• Supplied material:
Segment Open

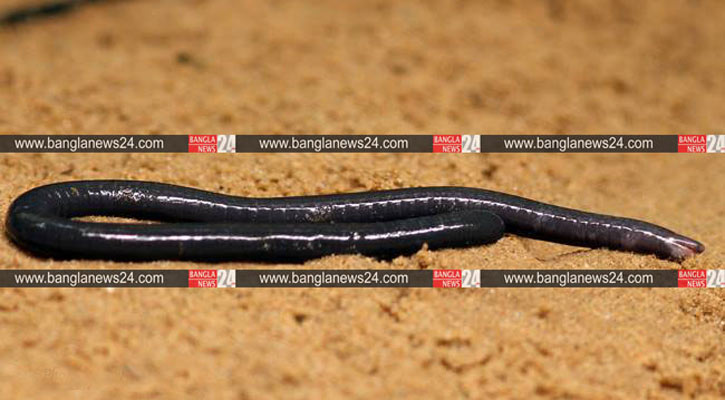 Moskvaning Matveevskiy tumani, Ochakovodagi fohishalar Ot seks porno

Segment Closed
Segment Open

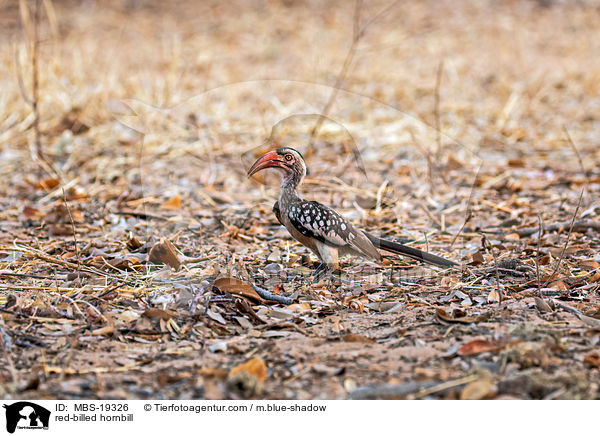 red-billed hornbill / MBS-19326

Segment Closed
Segment Open

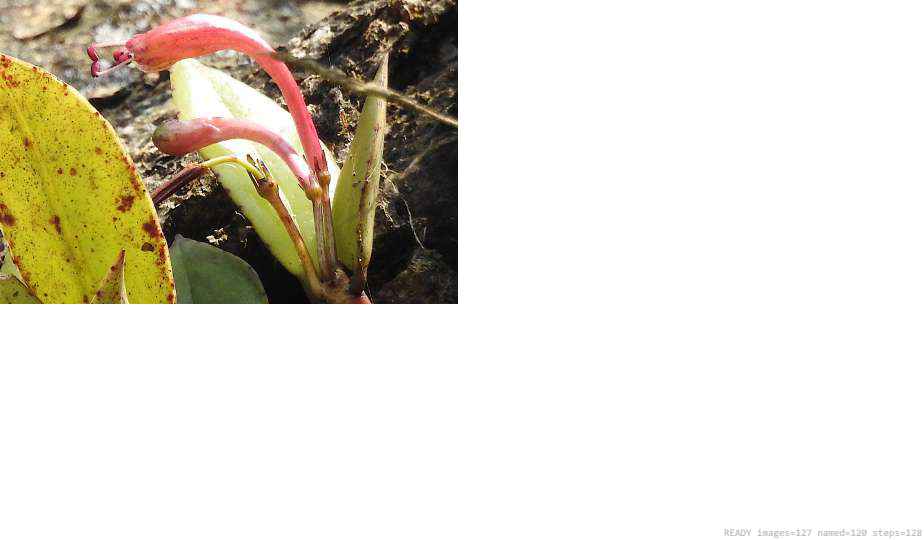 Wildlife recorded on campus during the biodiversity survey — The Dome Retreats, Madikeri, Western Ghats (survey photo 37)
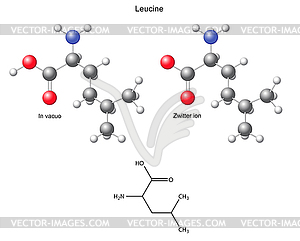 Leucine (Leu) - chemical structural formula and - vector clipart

Segment Closed

• Exercise:
Start with the line with "Wildlife recorded on" in the listing above and stop after the line with "Leucine (Leu) - chemical". Write out exactly the lines in that stretch and no others, without pictures.

• Task output:
 Wildlife recorded on campus during the biodiversity survey — The Dome Retreats, Madikeri, Western Ghats (survey photo 37)
 Leucine (Leu) - chemical structural formula and - vector clipart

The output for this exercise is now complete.